• WHAT THE TASK REQUIRES
The answer must be an exact copy of the entries that follow, with all images removed.

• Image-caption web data
━━━━━━━━━━━━━━━━━━━━
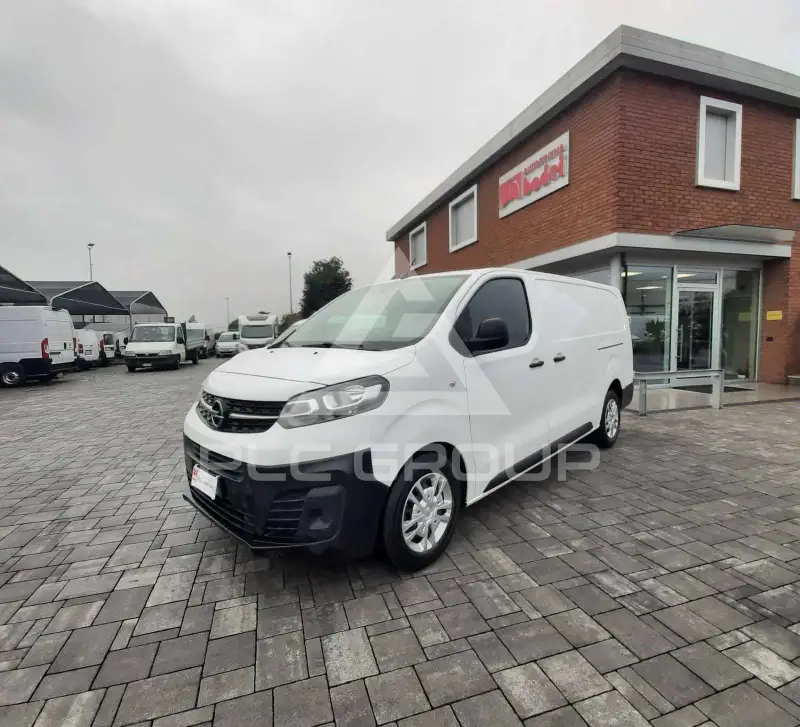 2021 Opel Vivaro
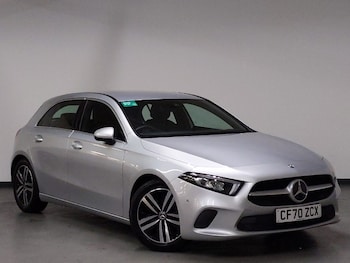 Mercedes-Benz - A-Class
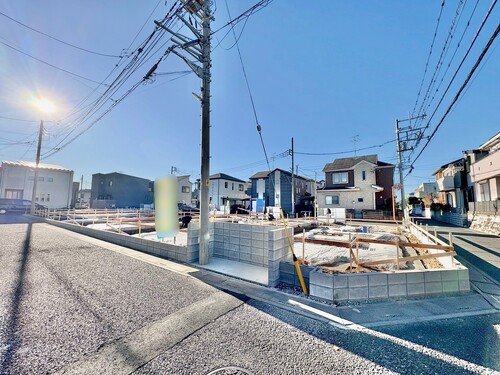 西区佐知川　第2　5号棟　全5棟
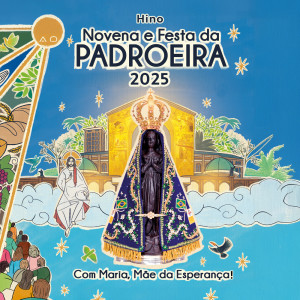 Album Com Maria, Mãe da Esperança [Hino da Novena e Festa da Padroeira] from Padre Camilo Júnior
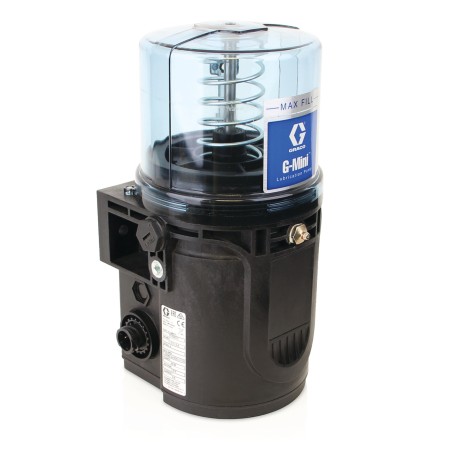 G-MINI PUMP,NFP,2L,24V,CPC,NC - 25R831 - Graco
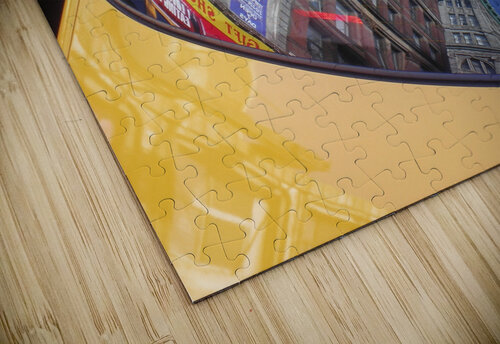 City Reflections Chirag Pandya puzzle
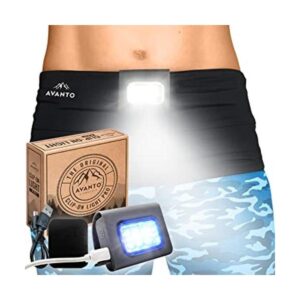AVANTO PRO Luz de correr con clip original 300 lúmenes_1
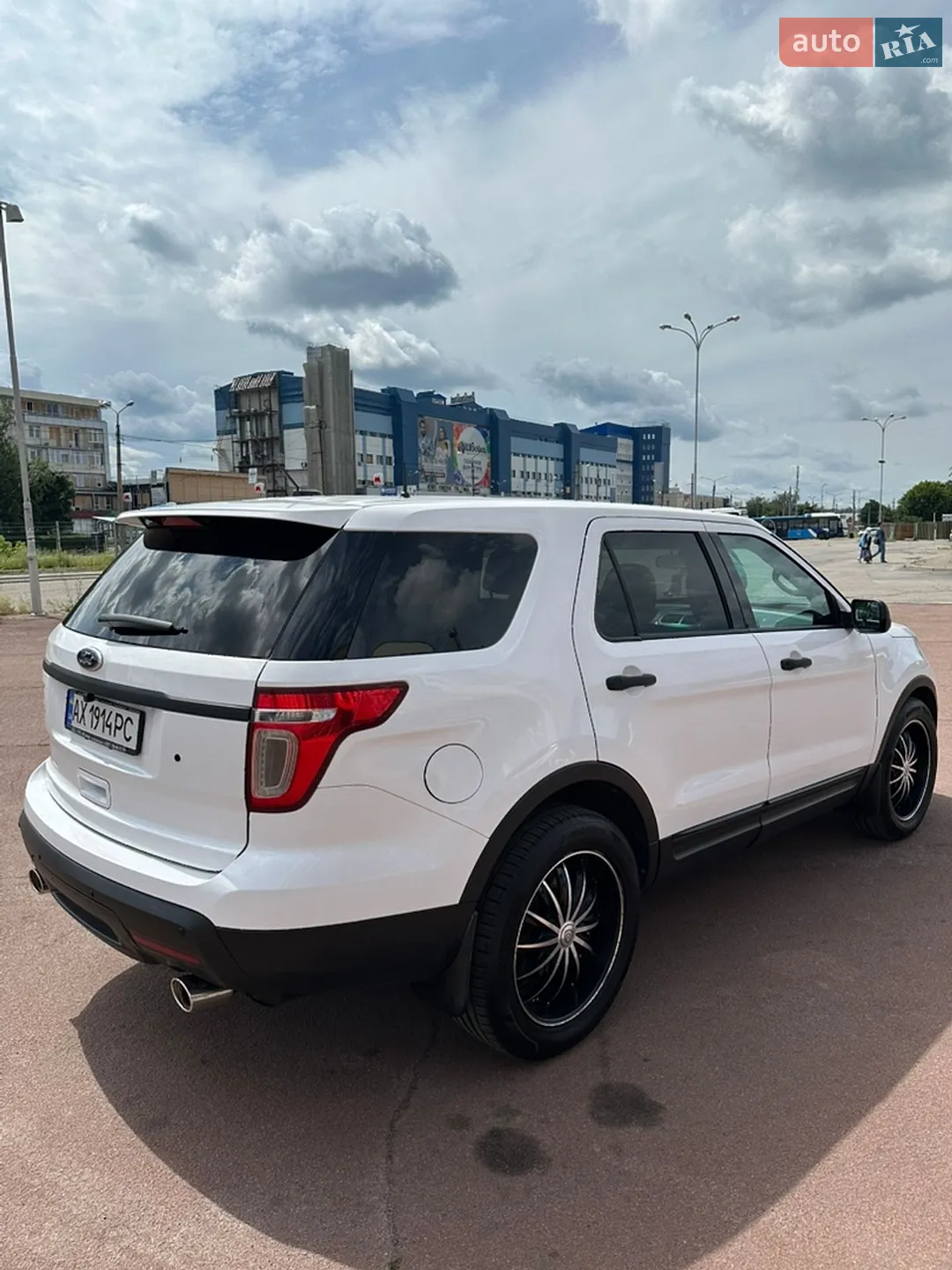 2013 Ford Explorer - мініатюра 6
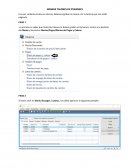 Apuntes en español- como grabar talones en dynamics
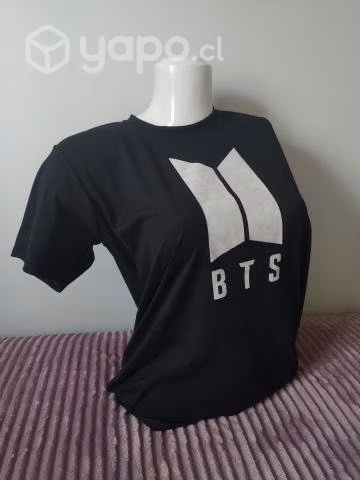 Poleras BTS - Imagen 6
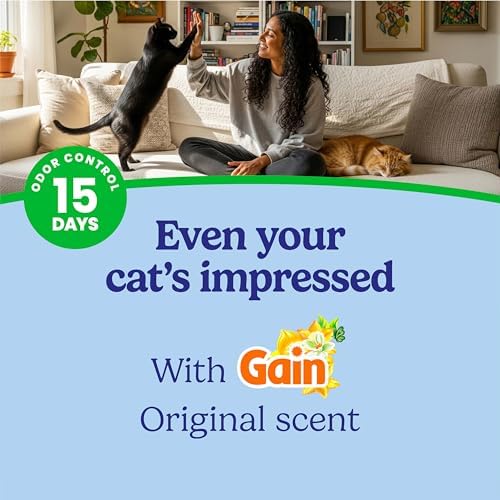 Fresh Step Odor Shield Multi Cat Clumping Cat Litter - Image 3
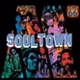 K-SUN66 - Soultown Logo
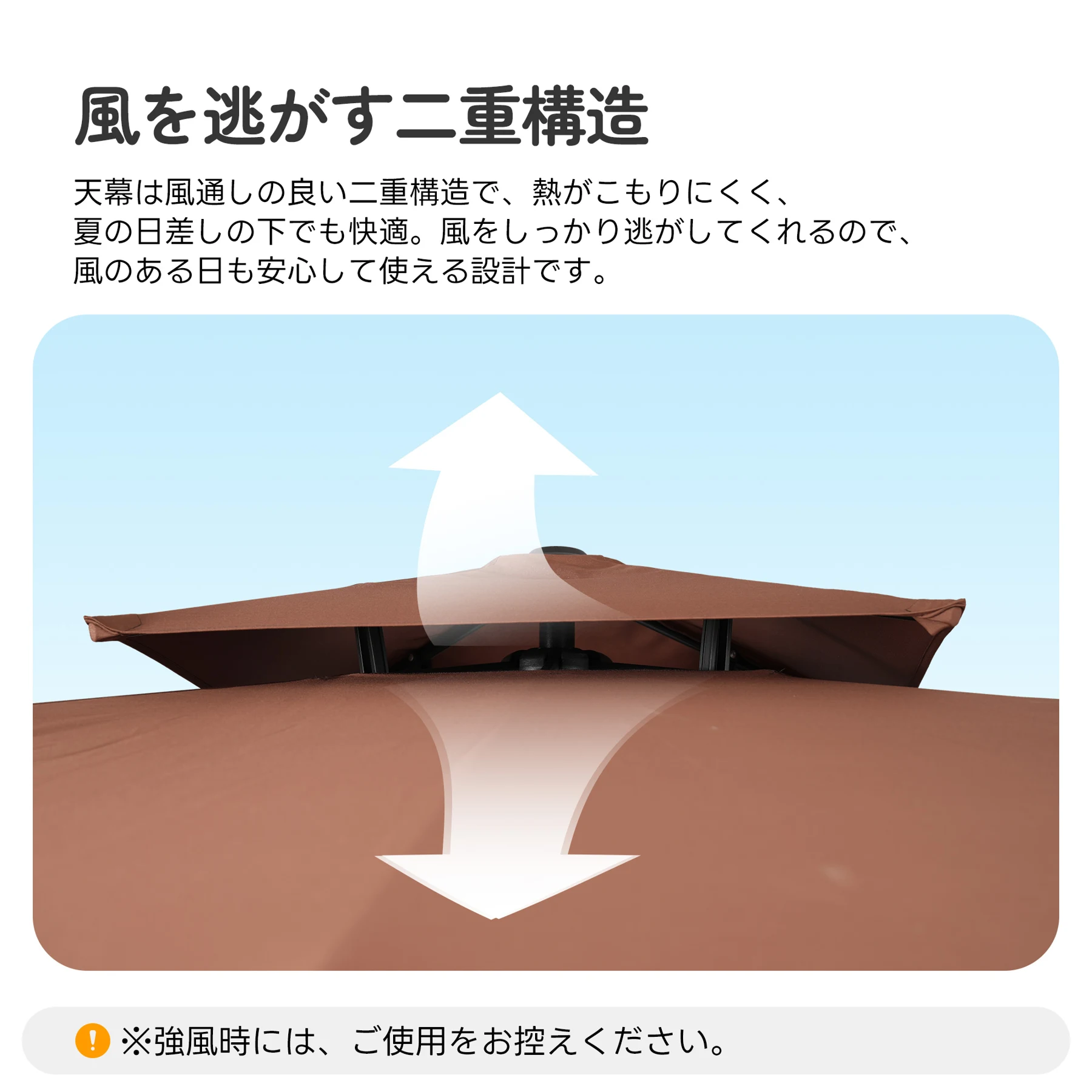 直径300cm 30+UPF紫外線 対策角度調整 2層 アルミ製 専用ベース付き パラソル ガーデンパラソル 長方形 大型 ビーチパラソル ガーデニング 庭 キャンプ 日傘 家庭での使用 商業利用 海辺 プール 海の家【グリーン】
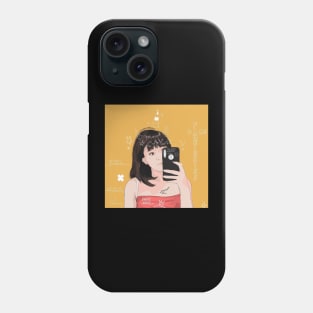 The Dare Selfie Phone Case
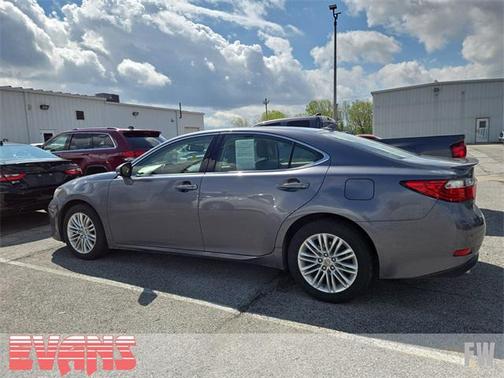 2013 Lexus ES 350 Base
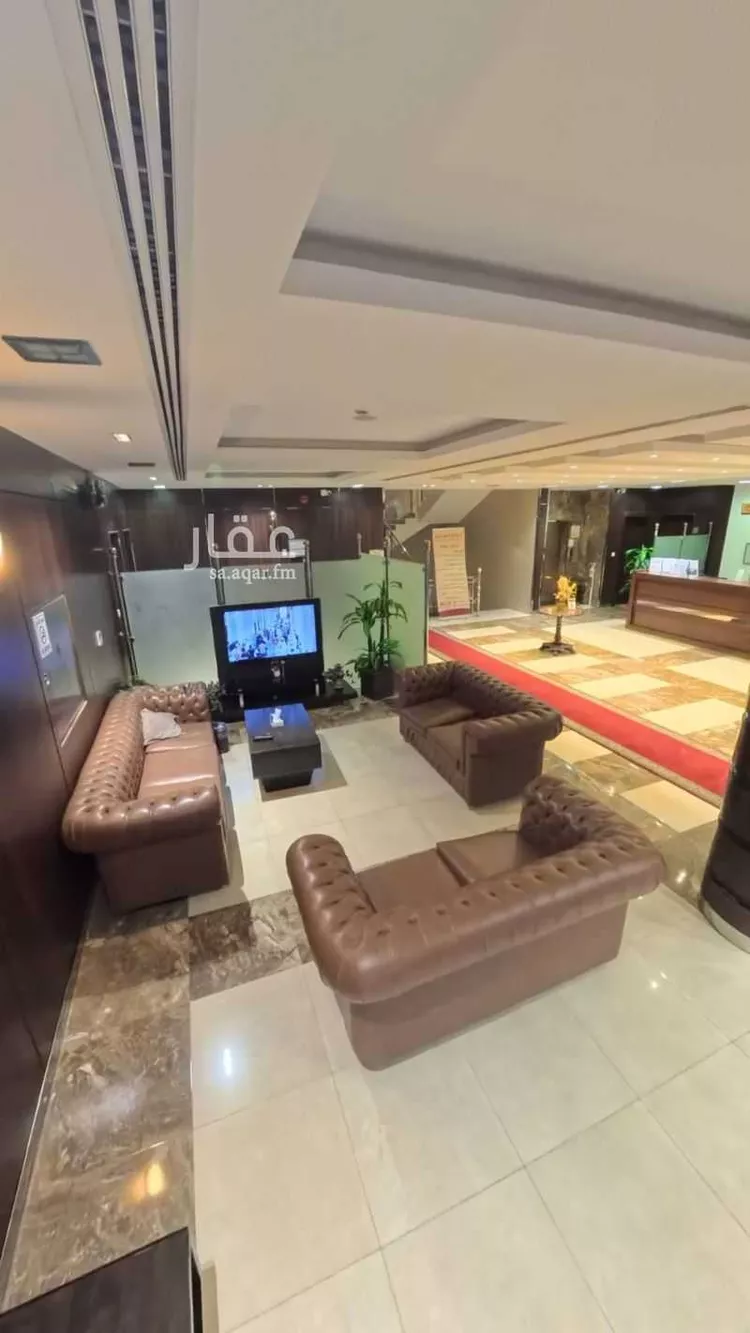 عمارة للإيجار في شارع عبيدة بن الحارث, حي النهضة, مدينة الرياض, منطقة الرياض 18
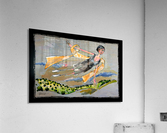 Such Stuff As Dreams Acrylic Print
━━━━━━━━━━━━━━━━━━━━
• RESPONSE
 2021 Opel Vivaro
 Mercedes-Benz - A-Class
 西区佐知川　第2　5号棟　全5棟
 Album Com Maria, Mãe da Esperança [Hino da Novena e Festa da Padroeira] from Padre Camilo Júnior
 G-MINI PUMP,NFP,2L,24V,CPC,NC - 25R831 - Graco
 City Reflections Chirag Pandya puzzle
AVANTO PRO Luz de correr con clip original 300 lúmenes_1
 2013 Ford Explorer - мініатюра 6
 Apuntes en español- como grabar talones en dynamics
 Poleras BTS - Imagen 6
 Fresh Step Odor Shield Multi Cat Clumping Cat Litter - Image 3
 K-SUN66 - Soultown Logo
 直径300cm 30+UPF紫外線 対策角度調整 2層 アルミ製 専用ベース付き パラソル ガーデンパラソル 長方形 大型 ビーチパラソル ガーデニング 庭 キャンプ 日傘 家庭での使用 商業利用 海辺 プール 海の家【グリーン】
 The Dare Selfie Phone Case
 2013 Lexus ES 350 Base
 عمارة للإيجار في شارع عبيدة بن الحارث, حي النهضة, مدينة الرياض, منطقة الرياض 18
 Such Stuff As Dreams Acrylic Print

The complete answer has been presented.